And human rights organisations all over the world have been documented this. Here are a few: Human rights watch, Reporters without borders, Civil rights defenders, Belarusian human rights organisations, and Amnesty International.
All this evidence and all these testimonies boil down to one thing. Lukashenka doesn’t give a rat’s arse about human rights. He doesn’t want his people to enjoy freedom of speech, freedom of the media, freedom of assembly, freedom of religion. The whole state machinery is designed to prevent people from exercising their fundamental rights. The police forces, the judiciary, the media are his prolonged arms needed to control the people.

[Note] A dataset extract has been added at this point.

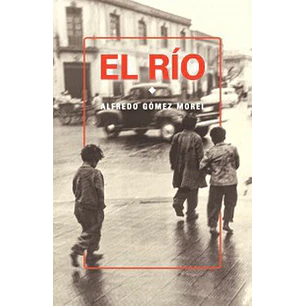 El Rio - Alfredo Gomez Morel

Beating up demonstrators and representatives of the opposition is an old Lukashenka tradition.
But enough is enough. Workers in factories all over Belarus have gone on strike.
Source: The Moscow Times
And the State Television on Monday only played music and displayed empty studios. Like Ceausescu, he ordered demonstrations in his favour but that didn’t help much.
The low turnout of loyal demonstrators and booing at workplaces made him desperate. And that shows up in his rambling about Latvian and Lithuanian governments plotting to overthrow him and bring misery over the Belarusian people. And that is true if you like him believe that human rights bring nothing but misery. The Baltic countries also belonged to the evil empire aka Soviet Union. When they became free, the people in these countries expressed a clear will to join the EU, knowing that in order to become members in the EU, the governments had to implement reforms that guaranteed them the same civil rights as the incumbent members of the EU.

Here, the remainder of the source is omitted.